::: PROVIDED MATERIAL
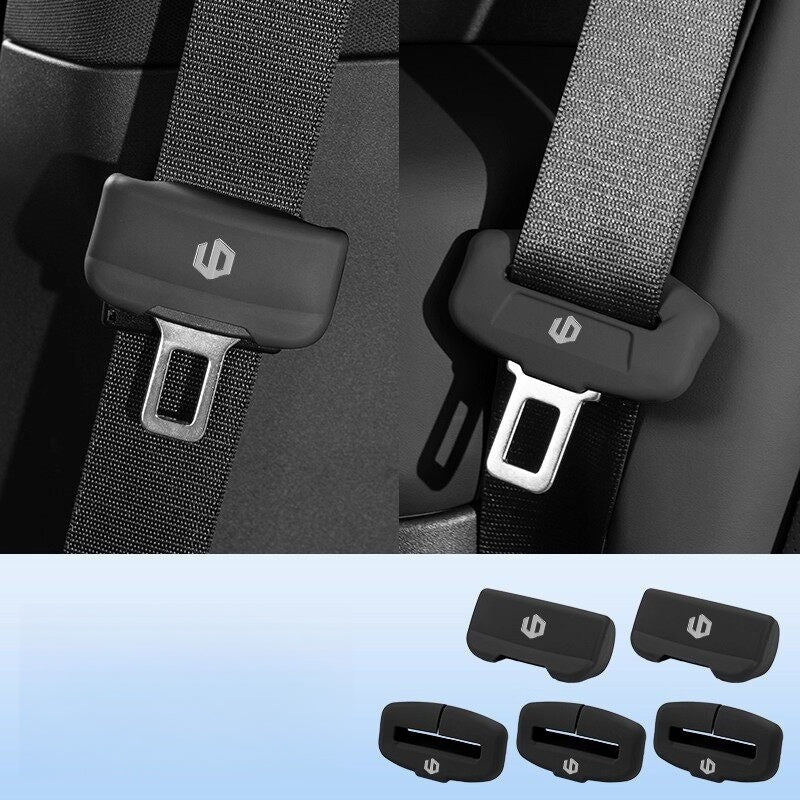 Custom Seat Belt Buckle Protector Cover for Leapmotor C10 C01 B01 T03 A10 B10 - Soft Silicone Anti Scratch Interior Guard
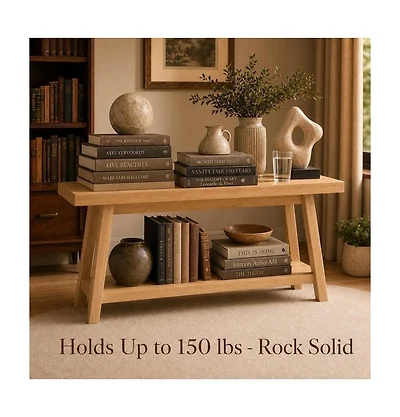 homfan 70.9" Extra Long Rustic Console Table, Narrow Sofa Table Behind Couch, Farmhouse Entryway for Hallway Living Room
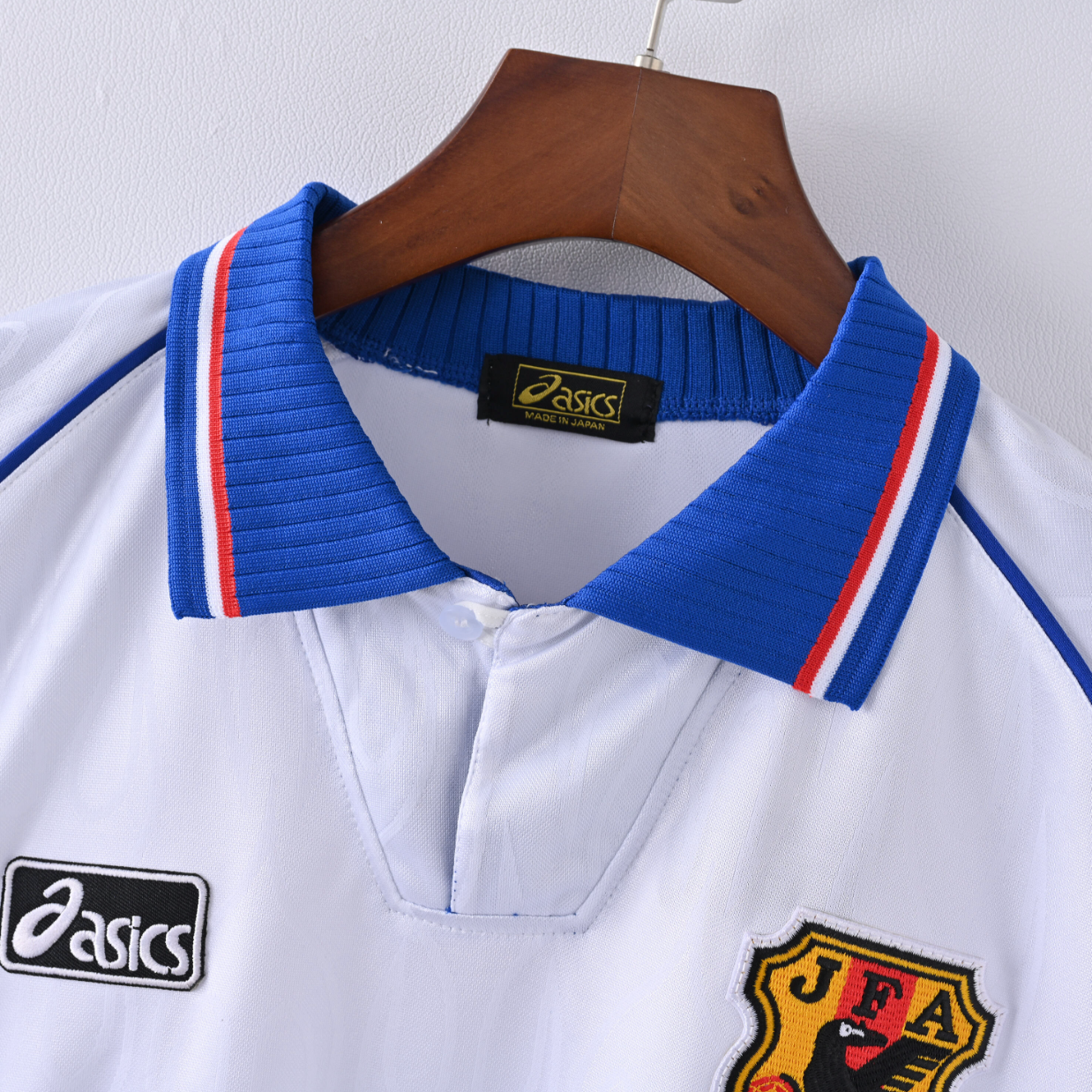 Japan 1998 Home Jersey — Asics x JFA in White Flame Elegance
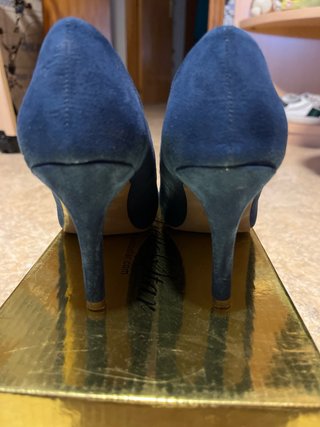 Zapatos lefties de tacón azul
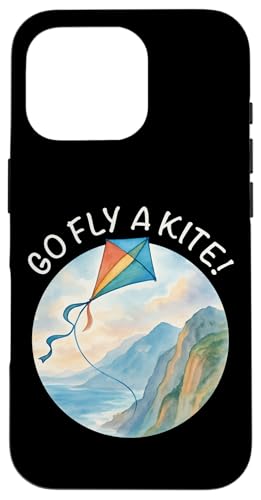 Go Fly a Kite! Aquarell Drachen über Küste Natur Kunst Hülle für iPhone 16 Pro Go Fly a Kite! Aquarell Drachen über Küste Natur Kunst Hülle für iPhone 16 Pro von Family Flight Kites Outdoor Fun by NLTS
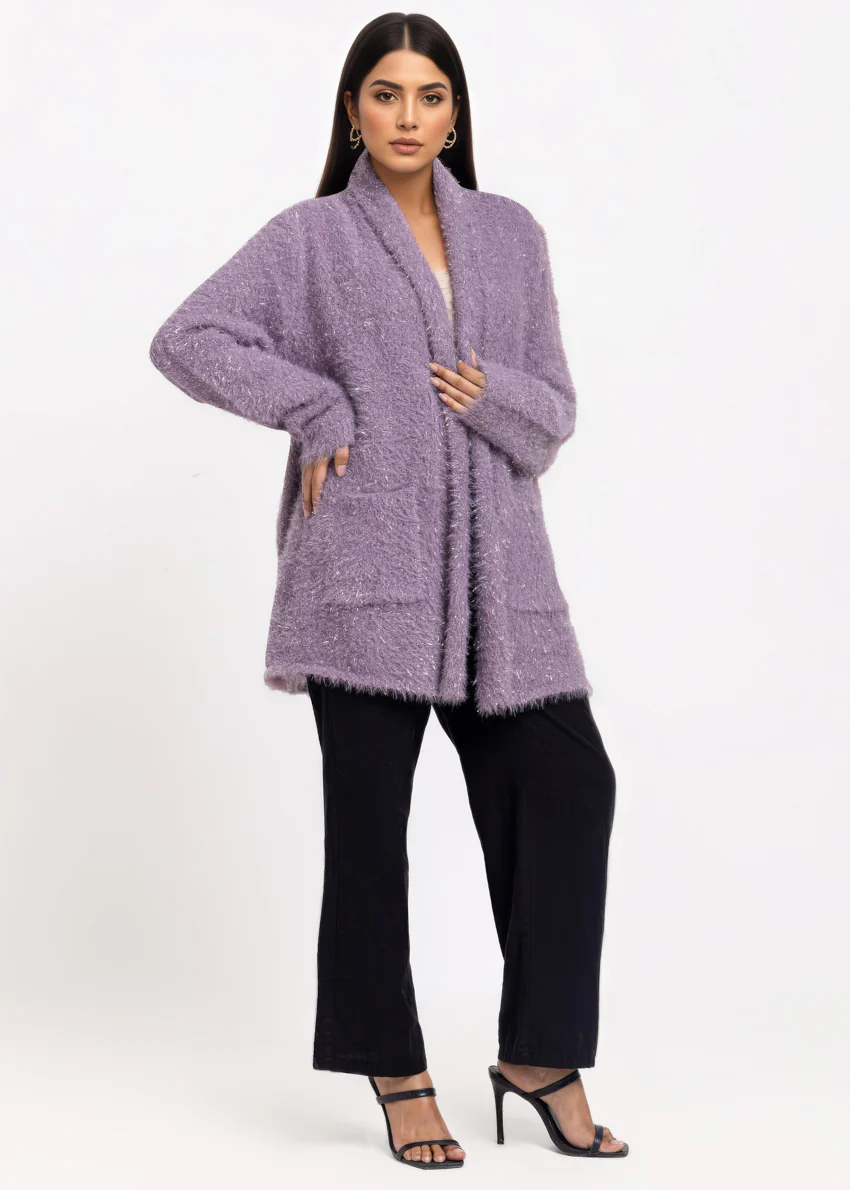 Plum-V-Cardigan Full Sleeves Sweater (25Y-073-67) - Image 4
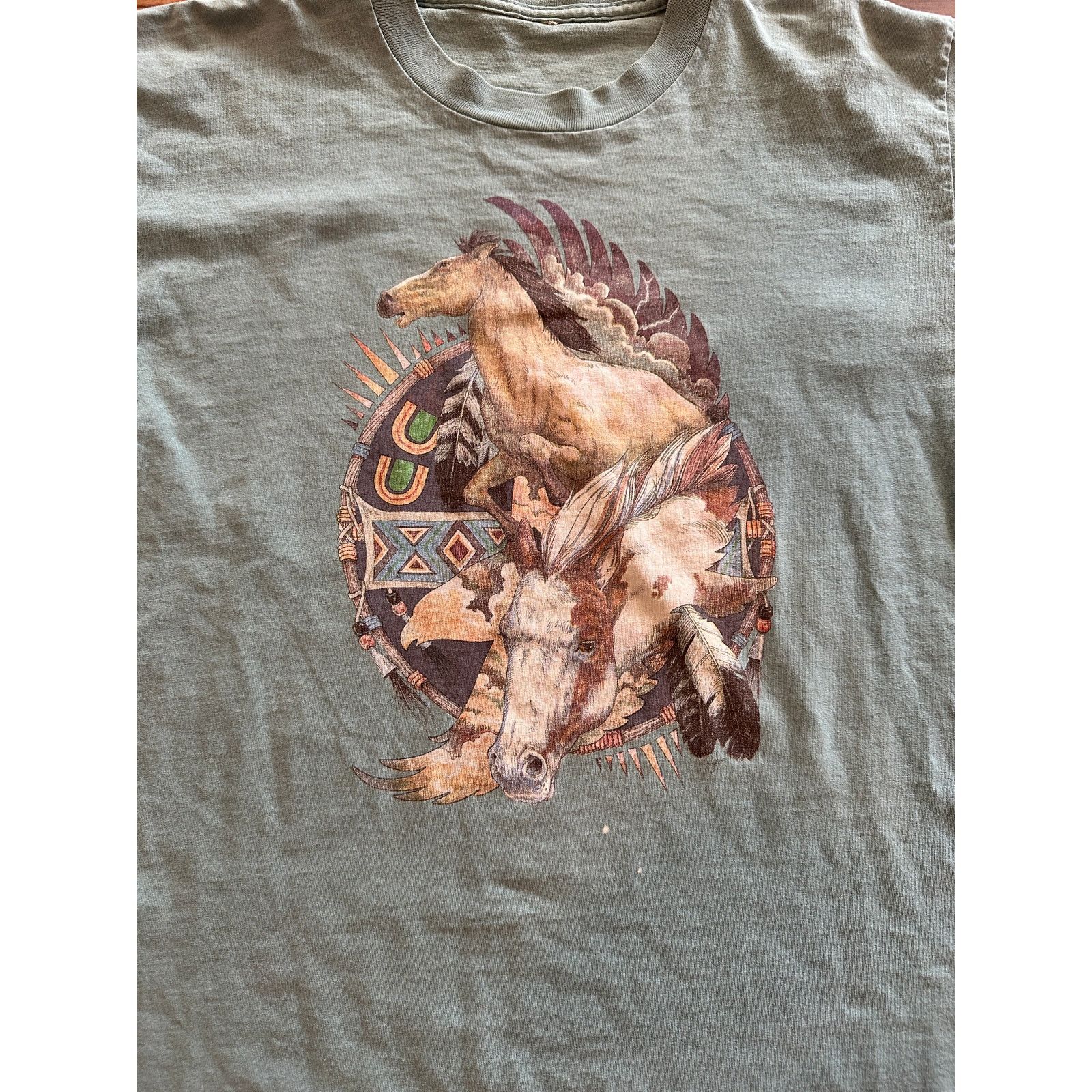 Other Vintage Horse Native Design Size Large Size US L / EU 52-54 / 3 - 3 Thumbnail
::::::
::: PROVIDED MATERIAL
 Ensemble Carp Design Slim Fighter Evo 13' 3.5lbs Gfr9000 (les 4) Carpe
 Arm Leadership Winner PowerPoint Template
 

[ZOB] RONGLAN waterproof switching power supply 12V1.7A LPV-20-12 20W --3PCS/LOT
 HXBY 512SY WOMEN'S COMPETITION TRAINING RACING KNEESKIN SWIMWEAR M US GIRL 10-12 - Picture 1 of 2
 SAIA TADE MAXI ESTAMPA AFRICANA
::::::
* _TASK DIRECTIONS_
Please copy, exactly and with nothing else, the lines above beginning at the line that has "Arm Leadership Winner PowerPoint Template" and ending with the line that has "SAIA TADE MAXI ESTAMPA AFRICANA".

* _EXERCISE SOLUTION_
 Arm Leadership Winner PowerPoint Template
 

[ZOB] RONGLAN waterproof switching power supply 12V1.7A LPV-20-12 20W --3PCS/LOT
 HXBY 512SY WOMEN'S COMPETITION TRAINING RACING KNEESKIN SWIMWEAR M US GIRL 10-12 - Picture 1 of 2
 SAIA TADE MAXI ESTAMPA AFRICANA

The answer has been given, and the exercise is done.